Aim of the exercise
Count every line in the entries below that contains the word "based", and give only that number.

The input
[Start of section]

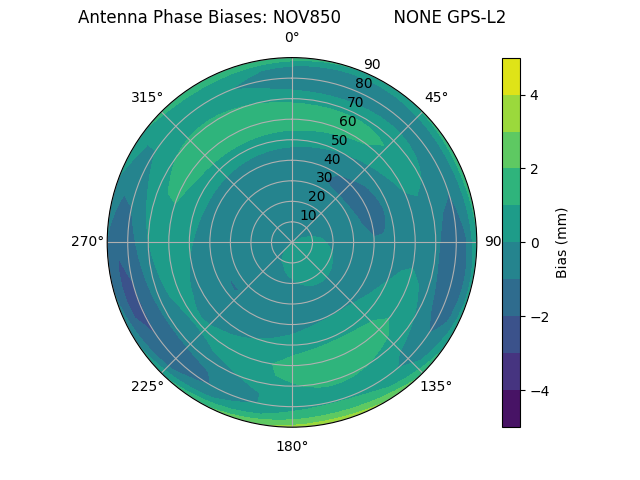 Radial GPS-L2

[End of section]
[Start of section]

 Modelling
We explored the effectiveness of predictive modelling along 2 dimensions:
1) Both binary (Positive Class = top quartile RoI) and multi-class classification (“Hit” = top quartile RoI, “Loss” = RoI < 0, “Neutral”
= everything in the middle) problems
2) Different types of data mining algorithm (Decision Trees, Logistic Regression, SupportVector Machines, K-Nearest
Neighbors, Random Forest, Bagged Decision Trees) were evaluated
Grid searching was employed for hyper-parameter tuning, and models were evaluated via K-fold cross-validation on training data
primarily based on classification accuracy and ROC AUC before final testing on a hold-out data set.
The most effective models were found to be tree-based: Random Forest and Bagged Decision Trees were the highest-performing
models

[End of section]
[Start of section]

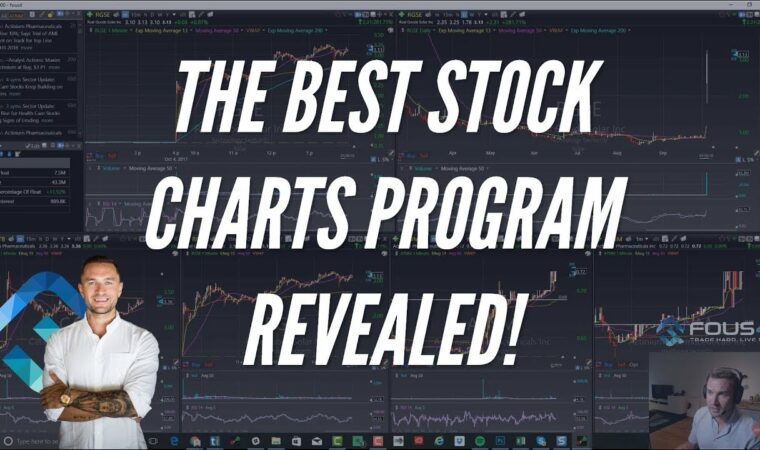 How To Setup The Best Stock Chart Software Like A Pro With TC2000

[End of section]

Result below
2